# Burton Bindings with Salomon F20 boots



## daysailer1 (Nov 9, 2007)

I have Salomon Dialogues that I use with Burton Triads and Burton P1's. They work just fine for me. Both bindings are nice and comfy too.


----------



## Guest (Dec 10, 2008)

I have a pair of f20s too and have k2 autos. they fit just fine with those. I have also used them with burton freestyles too. I would not worry about it too much. By the way the autos I have are really nice and very supportive. Also After you get you boots and you are worried about the fit just bring them with you and try them on with the bindings.


----------



## DC5R (Feb 21, 2008)

I have F20s with Rome Targas. They fit fine as well. You should smack upside their head whoever told you that you needed Salomon bindings with the boots.


----------



## mesomike (Mar 12, 2008)

F22's here with rome 390's, works perfect.


----------



## Bigblue280 (Dec 10, 2008)

Thank you all for the info. I've narrowed my binding choices to the burton p1 and burton co2. Any suggestions?


----------



## jmacphee9 (Nov 11, 2008)

Bigblue280 said:


> Thank you all for the info. I've narrowed my binding choices to the burton p1 and burton co2. Any suggestions?
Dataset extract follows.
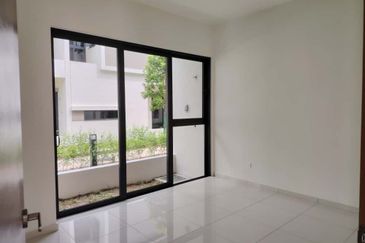 Luxura Residence @ twentyfive.7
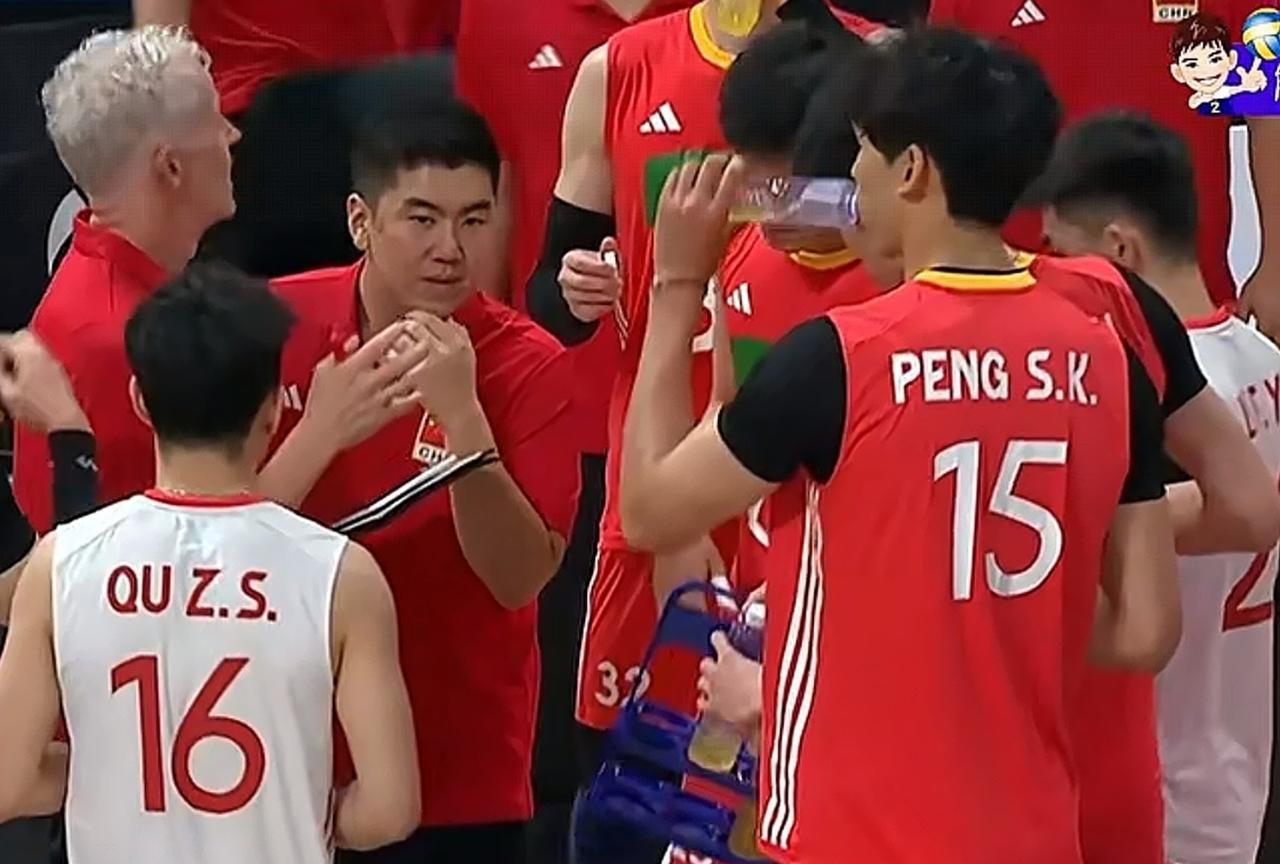 巴西男排第一场3:1胜了中国男排，已经取得了两场胜利，巴西男排提前小组出线了吧？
there 2 different bindings made for different things so, whichever you prefer. the co2 is considerably stiffer.


----------



## Bigblue280 (Dec 10, 2008)

I'm def more freeride than freestyle. don't do any jumps or tricks. Which would you recomend for me?


----------



## Guest (Dec 12, 2008)

I did have someone tell me that because the F20's have a thin inner lining that you get quite allot of vibration through the boot. Salomons bindings come with a rubber damper to help with vibration I think?
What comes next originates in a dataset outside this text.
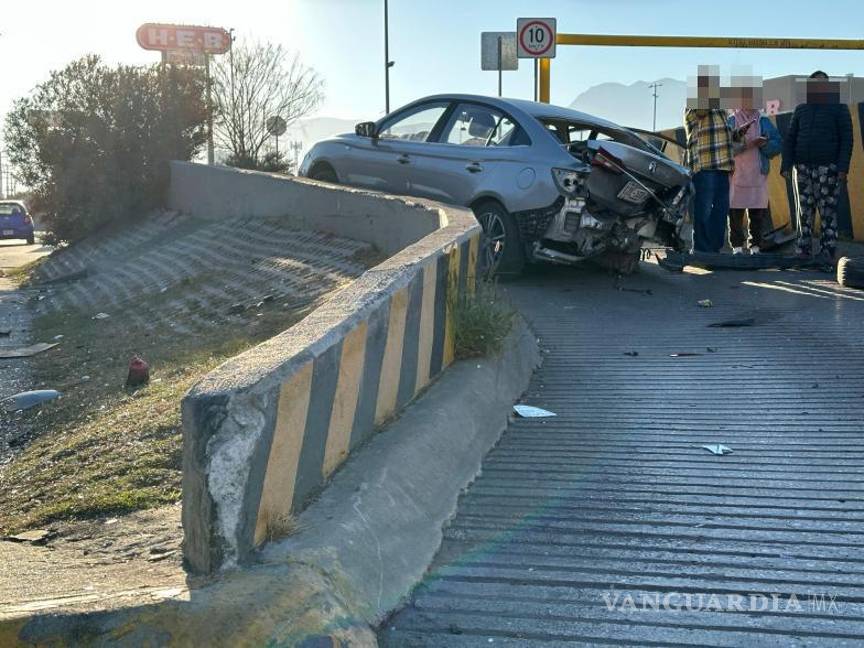 $!Ambos vehículos quedaron con daños materiales tras ignorarse la luz roja del semáforo.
My Girlfiend has the F20's so I was wondering this very thing.


----------



## Guest (Dec 12, 2008)

I have a set of burton mission bindings and I am planning on grabbing the F20- I'm not really into park stuff, is it still a decent boot choice?


----------



## Guest (Dec 12, 2008)

I think the boots are good. (from everything I can find)
I must say I havent ridden the dialouges that I just bought yet but they felt great when I was molding them.


----------